Deere & Company (DE) Volatility Skew

Implied volatility skew shows how IV varies across strike prices for a given expiration. Steeper skews indicate higher demand for downside protection relative to upside speculation.

Deere & Company (DE) operates in the Industrials sector, specifically the Agricultural - Machinery industry, with a market capitalization near $156.84B, listed on NYSE, employing roughly 73,100 people, carrying a beta of 0.97 to the broader market. Deere & Company manufactures and distributes various equipment worldwide. Led by John C. May, public since 1972-06-01.

Snapshot as of May 15, 2026.

Spot Price
$563.17
ATM IV
40.3%
IV Skew 25Δ
0.001
IV Rank
93.1%
IV Percentile
99.2%
Term Structure Slope
-0.004

As of May 15, 2026, Deere & Company (DE) at-the-money implied volatility is 40.3%. IV rank is 93.1% (where 0% is the 52-week low and 100% is the 52-week high). IV percentile is 99.2%. The 25-delta skew is +0.001: skew is roughly flat across the 25-delta wings. High IV rank typically favors premium-selling strategies; low IV rank favors premium-buying.
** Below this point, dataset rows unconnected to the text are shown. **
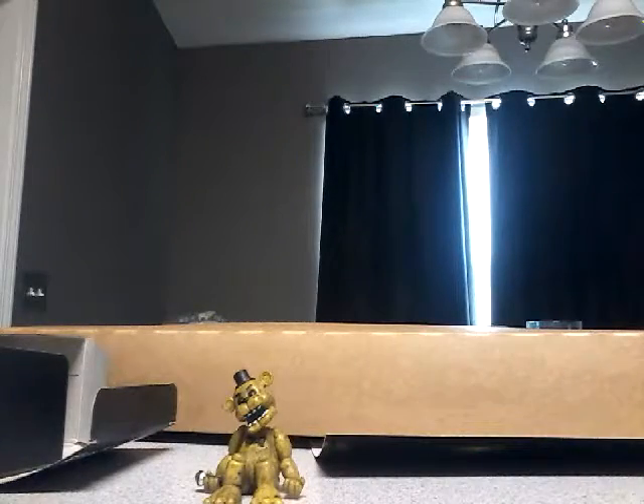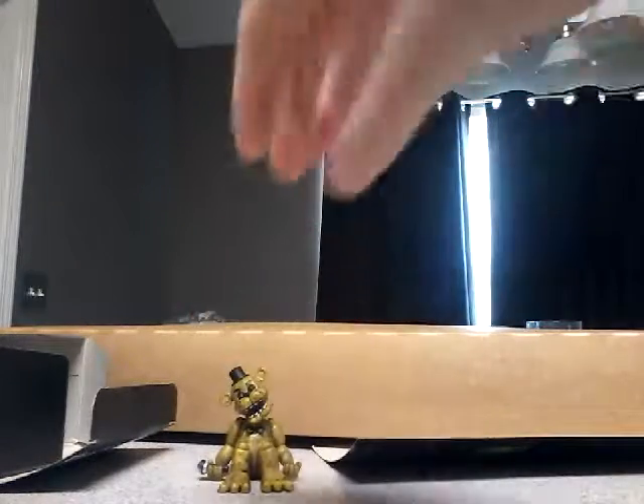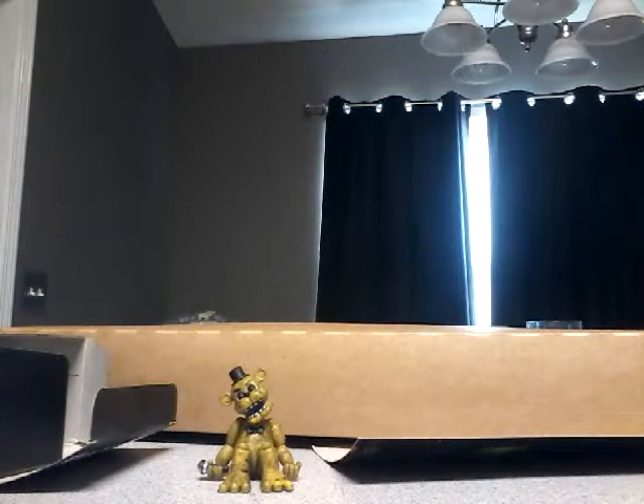And then there's Golden Freddy. That was the unboxing of Five Nights at Freddy's collectible vinyl figures set one.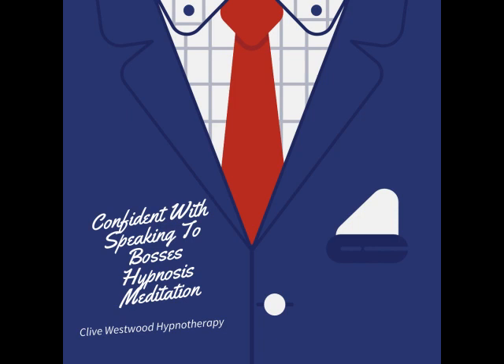9. Feeling so relaxed, so comfortable, so happy as you drift down deeper and deeper. With the sound of my voice, every sound you hear, every thought that comes into your mind just takes you deeper into hypnotic relaxation.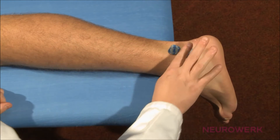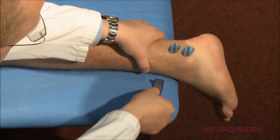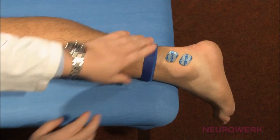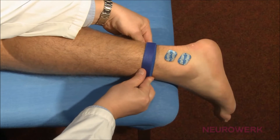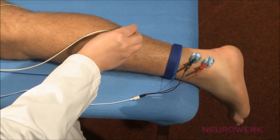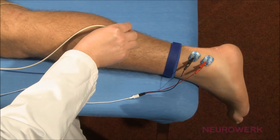The adhesive electrodes are placed between the outer ankle and the heel. The ground electrode is attached between the stimulation and recording electrodes. The nerve stimulation occurs in the nerve path approximately 2 cm lateral to the Achilles tendon.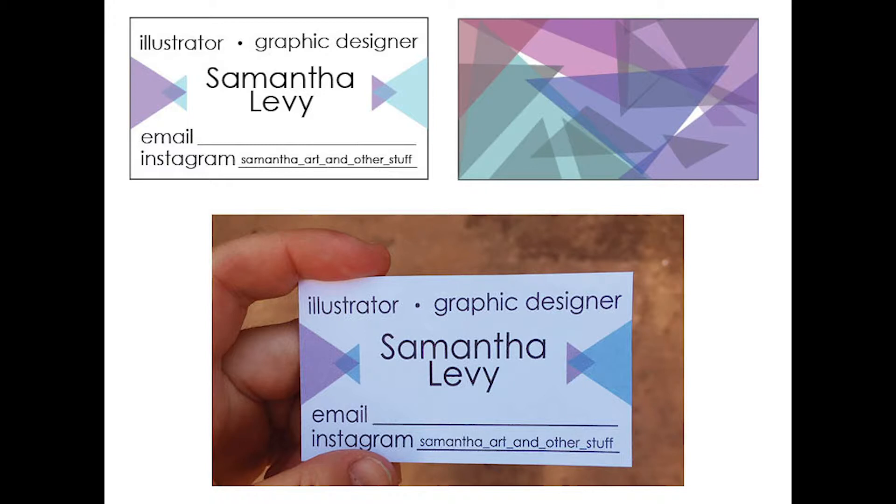I wanted the design to be abstract so that when I did double-sided printing, even if the image didn't align perfectly it would still look good on the back. I also left space to hand-write my email address, since I have many different email addresses and they change over time — so in the future, if I have a strictly business email, I can update that.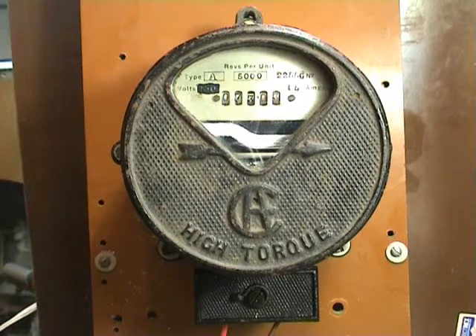This is a very old DC meter which I had laying around in my garage. It's probably around 1900 to 1905. It's type A, rated at 5000 revolutions per kilowatt hour, and rated at 15 amps. Initially it was used at 230 volts but somehow it's been modified to 6 volts.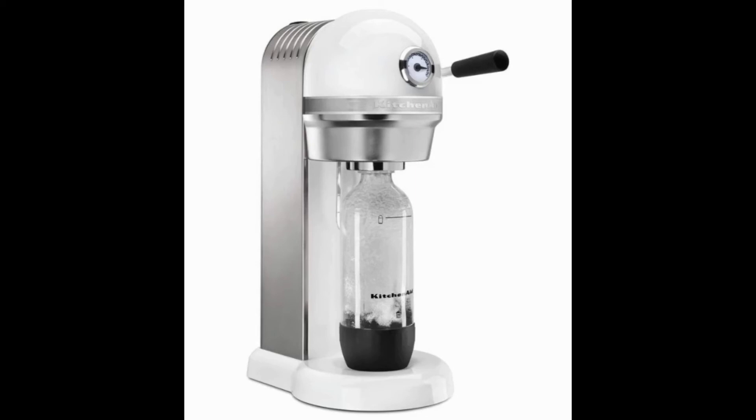This machine is made from a premium die cast material, and the carbonation level allows for more accurate control over how much carbon dioxide should be dissolved into the liquid in order to make it a carbonated drink. In addition to the machine itself, this kit also comes with one CO2 tank as well as a BPA free carbonation bottle that is reusable.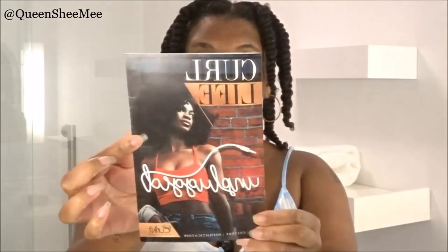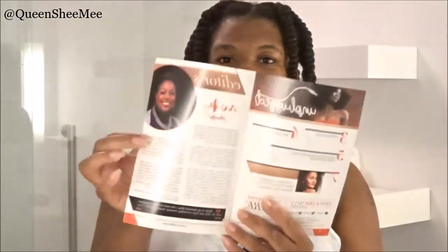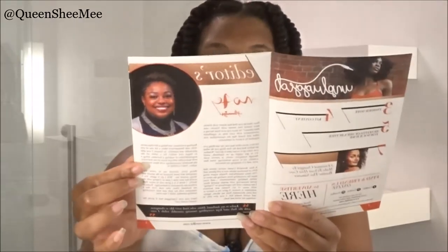Of course, each and every month you get a Curl Life booklet. This month's theme is 'Unplugged' — and look at those curls popping! We have the editor's note featuring Heather, and it talks about the contents the kit contains. It also discusses the five benefits of shea butter — hint, hint — so if you saw the June sneak peek, you already know what I'm talking about.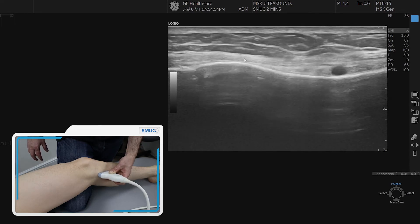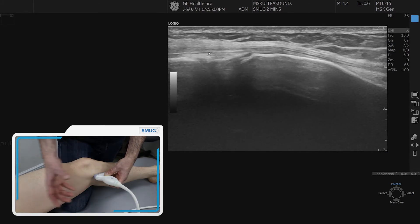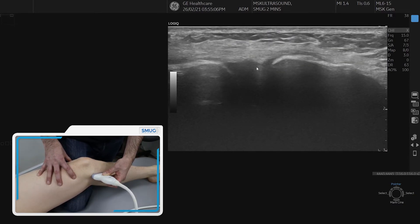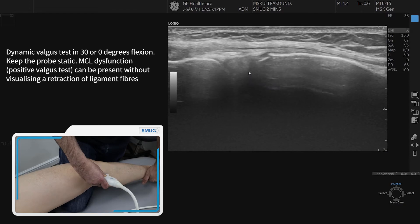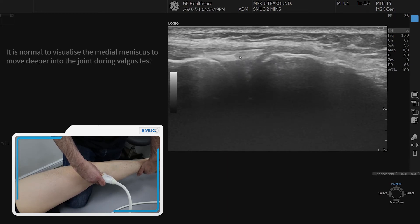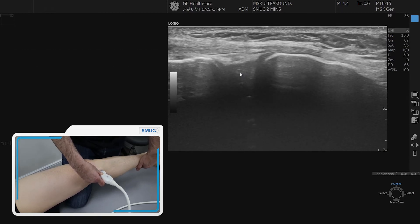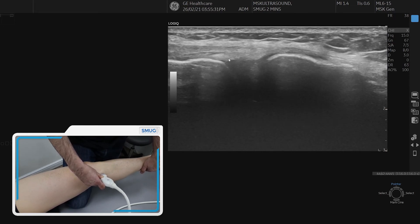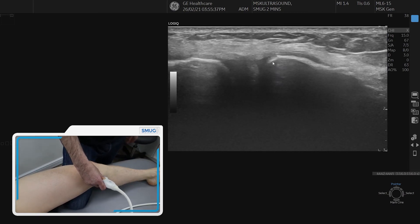We come back to the superficial fibers of the MCL and return to the joint line. We can now do a valgus stress test at any angle of the knee. At the moment the knee is at about 30 degrees of flexion — a comfortable position for the patient, especially with a knee injury — and this gives us the ability to move into extension or flexion. You can see when you perform the valgus test how it draws the peripheral margin of the meniscus into the joint, and you can feel how the MCL tightens up. You can see the joint widens during the test — this is a dynamic assessment of the MCL under ultrasound guidance.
DE Strategy Selection at Current Volatility Levels

For Deere & Company options at 40.3% ATM IV, high IV rank (93.1%) favors premium-selling structures: credit spreads, iron condors, covered calls, cash-secured puts. The risk: a continued vol expansion through high-rank levels is rare but expensive when it happens. Pair the vol-rank read with the dealer-gamma view and the upcoming-events calendar to confirm the strategy fits both the structural regime and the path-dependent risk. The variance risk premium - the persistent gap between implied and subsequently realized vol - is positive in equity markets on average; high IV rank typically reflects a stretch where the premium is wider than usual.

Learn how volatility skew is reported and how to read the data →

Frequently asked DE volatility skew questions

What is the current DE ATM implied volatility?
As of May 15, 2026, Deere & Company (DE) at-the-money implied volatility is 40.3%. IV rank is 93.1% on a 0-100% scale anchored to the 1-year IV range. ATM IV is the volatility input that makes a Black-Scholes-equivalent model reproduce the listed at-the-money option prices.
Is DE IV high or low historically?
IV is elevated relative to its 1-year history, conditions that typically favor premium-selling strategies (credit spreads, iron condors, covered calls).
What does DE volatility skew tell options traders?
Volatility skew is the pattern by which IV varies across strikes for a given expiration. Deere & Company skew is roughly flat across the 25-delta wings. Skew matters for risk-defined strategy selection: when downside puts are rich, put-credit spreads capture more premium; when upside calls are rich, call-credit spreads or covered-call writes harvest more.